Protein or DNA sample preparation is key to success in crystallisation and structure determination. Crystallisation conditions are sample specific and hundreds of combinations of buffers, salts, organic polymers, metal ions and additives are typically screened. The results can be beautiful as seen in the video below, but they are also scientifically very exciting as they allow us to understand how the biomolecules work.
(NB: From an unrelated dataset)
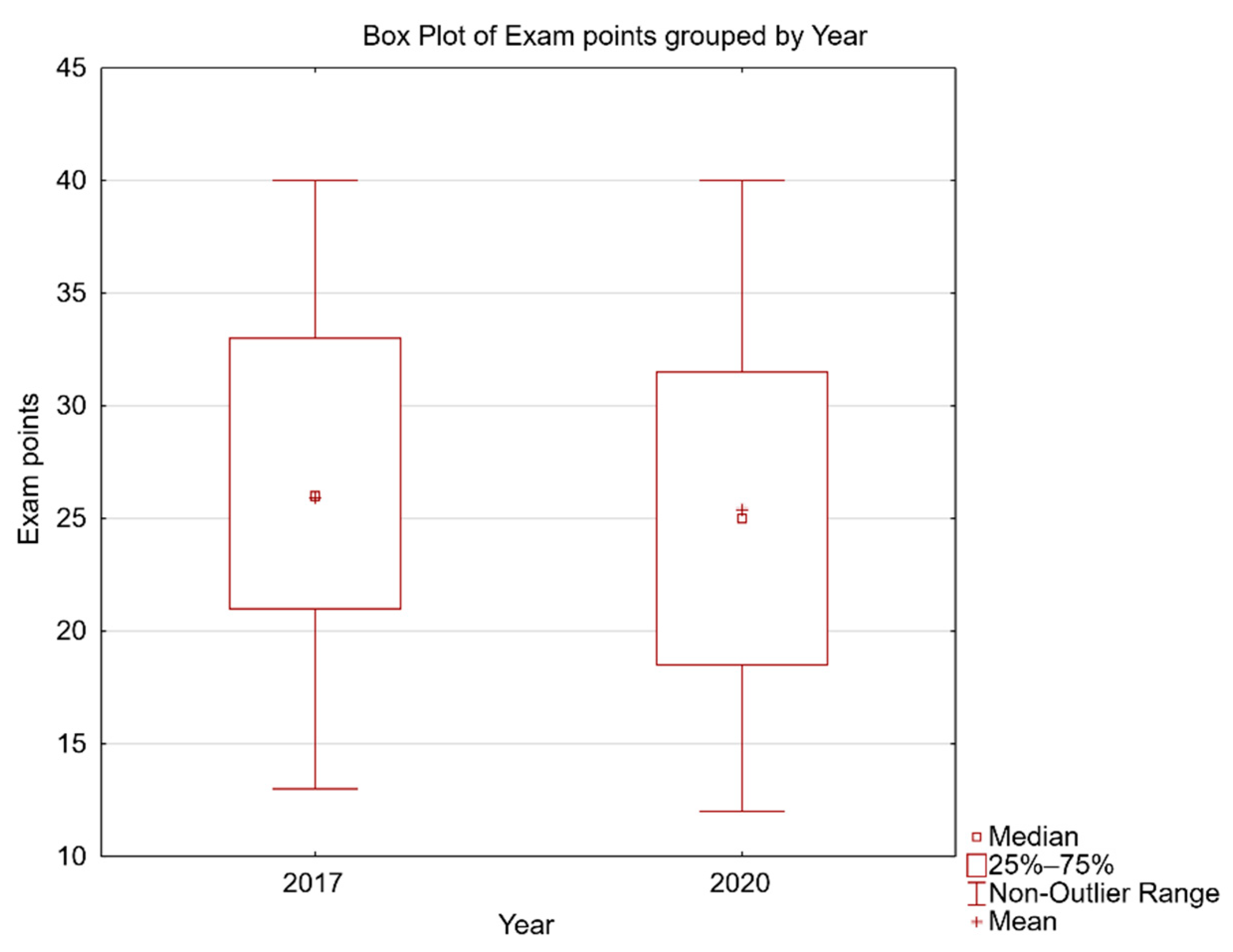 Sustainability 13 03293 g005 Sustainability 13 03293 g005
Typically, highly pure protein or DNA would enter the crystallography pipeline at a concentration of 0.2mM or higher. About 50μL is enough to test the 96 conditions that form the entry screen. The buffer the sample should be supplied in will depend on the stability of the sample but 20mM HEPES pH 7.5, 100mM NaCl is a good starting point. The screens used for crystallisation use buffering components at 100mM so it's important that the sample buffer does not compete with this.

Once the crystal plate is prepared, it's incubated at 4°C or 20°C and imaged under a microscope either manually or using one of the dedicated imagers which images all crystal wells and matches the pictures to the protein and screen conditions in software called CrystalTrak.

Any crystals appearing are UV imaged to confirm they are biomolecules and not salt before being frozen in liquid nitrogen and stored for X-ray diffraction.

Data collection and processing is carried out at Southampton. National and international synchrotron facilities are routinely used to gain higher resolution data or to use microfocus sources that can target the highest diffracting region within a single crystal.